Among the Tall Man-hunters, there was a pretty blonde called Liz and a fairly attractive brunette who got nude, but both were woefully underused. The male lead characters who I didn't care enough about to learn their names, I can only refer to as Baldilocks and Dweeb. They didn't fare much better.
Where were the scares? Where was all the gore that I've heard about? Where was the horror? I don't think I've ever sat through anything quite so unengaging since the first time I watched it, and I'm pretty sure now that whoever has been praising "Phantasm" over the years is just part of some giant sustained attempt at trolling.

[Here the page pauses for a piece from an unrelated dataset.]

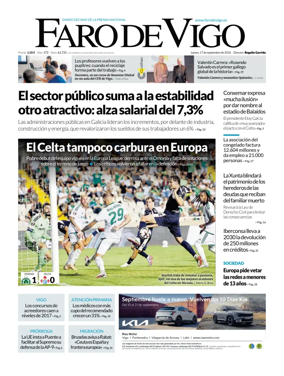 Cover of Faro de Vigo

I'll concede that the flying spheres were kind of neat, and the priest's death was fairly original (and pointless), but they still have to be one of the stupidest supernatural weapons ever devised. "Some flying Cuisineart" indeed. All you need is a tennis racket (not even a lightsabre) to defeat them.
My Bloody Valentine strikes back! |
The chainsaw fight between Baldilocks and Gasmask Man was one of the most poorly choreographed scenes in movie history although I was pleased to see a batch of Jawas wiped out after with a four-barrelled shotgun. What a pity it wasn't Ewoks.
The special effects were just pitiful even for the time with the only outstanding moment being the "incredible melting Tall Man" which must must have used all the latex, candle wax and yellow paint that the budget could afford.
The ending made absolutely no sense at all. Just like "A Nightmare on Elm Street" and "Friday the 13th", "Phantasm II" went for one meaningless twist too many and was ruined even more. Is this really the series that Don Coscarelli is famous for? Master of Horror? Give me a break.
Honestly, if you haven't already seen "Phantasm II" (or you haven't been unfortunate enough to buy it in a 4 pack), don't waste your time. It's a load of balls.